REQUIREMENT:
Your answer must consist solely of the line containing "Funny Inspirational Gifts" and each line after it through the end of the data, copied exactly.

[Excerpts from a dataset]

BEGIN

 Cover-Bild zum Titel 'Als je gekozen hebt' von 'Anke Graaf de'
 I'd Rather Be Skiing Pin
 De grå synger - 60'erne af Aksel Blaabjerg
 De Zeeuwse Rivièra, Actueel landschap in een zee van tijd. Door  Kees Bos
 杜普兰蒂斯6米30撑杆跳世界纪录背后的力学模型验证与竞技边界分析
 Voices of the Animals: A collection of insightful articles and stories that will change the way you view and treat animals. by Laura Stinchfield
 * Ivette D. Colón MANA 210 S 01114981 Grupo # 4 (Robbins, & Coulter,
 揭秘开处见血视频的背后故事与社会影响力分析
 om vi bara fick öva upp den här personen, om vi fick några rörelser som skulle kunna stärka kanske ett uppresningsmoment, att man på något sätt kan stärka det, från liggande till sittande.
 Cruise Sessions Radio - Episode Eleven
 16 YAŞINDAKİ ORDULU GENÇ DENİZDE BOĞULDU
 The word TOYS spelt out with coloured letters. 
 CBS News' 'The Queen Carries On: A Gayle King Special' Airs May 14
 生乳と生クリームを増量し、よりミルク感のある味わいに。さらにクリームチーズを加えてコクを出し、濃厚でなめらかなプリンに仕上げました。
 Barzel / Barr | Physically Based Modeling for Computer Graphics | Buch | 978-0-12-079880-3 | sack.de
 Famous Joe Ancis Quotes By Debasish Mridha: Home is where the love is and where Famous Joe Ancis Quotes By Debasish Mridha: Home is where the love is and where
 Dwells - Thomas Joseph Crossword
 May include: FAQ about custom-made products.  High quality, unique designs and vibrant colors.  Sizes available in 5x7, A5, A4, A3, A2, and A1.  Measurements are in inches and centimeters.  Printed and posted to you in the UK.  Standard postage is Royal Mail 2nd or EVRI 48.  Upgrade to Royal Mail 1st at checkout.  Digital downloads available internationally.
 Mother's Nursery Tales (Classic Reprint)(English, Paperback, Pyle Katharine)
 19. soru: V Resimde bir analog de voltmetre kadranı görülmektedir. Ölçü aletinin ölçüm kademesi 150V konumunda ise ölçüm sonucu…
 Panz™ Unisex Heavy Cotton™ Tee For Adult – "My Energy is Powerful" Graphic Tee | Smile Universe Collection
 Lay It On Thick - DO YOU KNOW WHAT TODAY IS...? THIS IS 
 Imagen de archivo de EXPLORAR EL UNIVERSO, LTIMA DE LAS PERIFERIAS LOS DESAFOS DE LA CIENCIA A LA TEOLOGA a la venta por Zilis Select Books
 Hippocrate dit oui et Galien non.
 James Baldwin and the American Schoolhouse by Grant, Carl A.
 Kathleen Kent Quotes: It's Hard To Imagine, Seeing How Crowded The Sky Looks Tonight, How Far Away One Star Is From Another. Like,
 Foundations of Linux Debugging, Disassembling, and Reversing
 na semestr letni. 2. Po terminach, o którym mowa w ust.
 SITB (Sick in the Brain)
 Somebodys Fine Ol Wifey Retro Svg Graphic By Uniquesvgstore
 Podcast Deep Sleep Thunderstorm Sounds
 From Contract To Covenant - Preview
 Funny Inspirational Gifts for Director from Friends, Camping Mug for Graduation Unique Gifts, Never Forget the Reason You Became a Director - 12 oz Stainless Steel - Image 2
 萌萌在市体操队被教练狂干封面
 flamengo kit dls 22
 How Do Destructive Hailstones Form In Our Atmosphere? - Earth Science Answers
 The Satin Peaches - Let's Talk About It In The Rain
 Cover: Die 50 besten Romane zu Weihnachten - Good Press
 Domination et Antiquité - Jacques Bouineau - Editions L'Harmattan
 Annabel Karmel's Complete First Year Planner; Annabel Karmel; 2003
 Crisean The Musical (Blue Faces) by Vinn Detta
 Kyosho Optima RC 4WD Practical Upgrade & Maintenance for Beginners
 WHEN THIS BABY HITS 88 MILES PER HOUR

END

ANSWER TO THE PROBLEM:
 Funny Inspirational Gifts for Director from Friends, Camping Mug for Graduation Unique Gifts, Never Forget the Reason You Became a Director - 12 oz Stainless Steel - Image 2
 萌萌在市体操队被教练狂干封面
 flamengo kit dls 22
 How Do Destructive Hailstones Form In Our Atmosphere? - Earth Science Answers
 The Satin Peaches - Let's Talk About It In The Rain
 Cover: Die 50 besten Romane zu Weihnachten - Good Press
 Domination et Antiquité - Jacques Bouineau - Editions L'Harmattan
 Annabel Karmel's Complete First Year Planner; Annabel Karmel; 2003
 Crisean The Musical (Blue Faces) by Vinn Detta
 Kyosho Optima RC 4WD Practical Upgrade & Maintenance for Beginners
 WHEN THIS BABY HITS 88 MILES PER HOUR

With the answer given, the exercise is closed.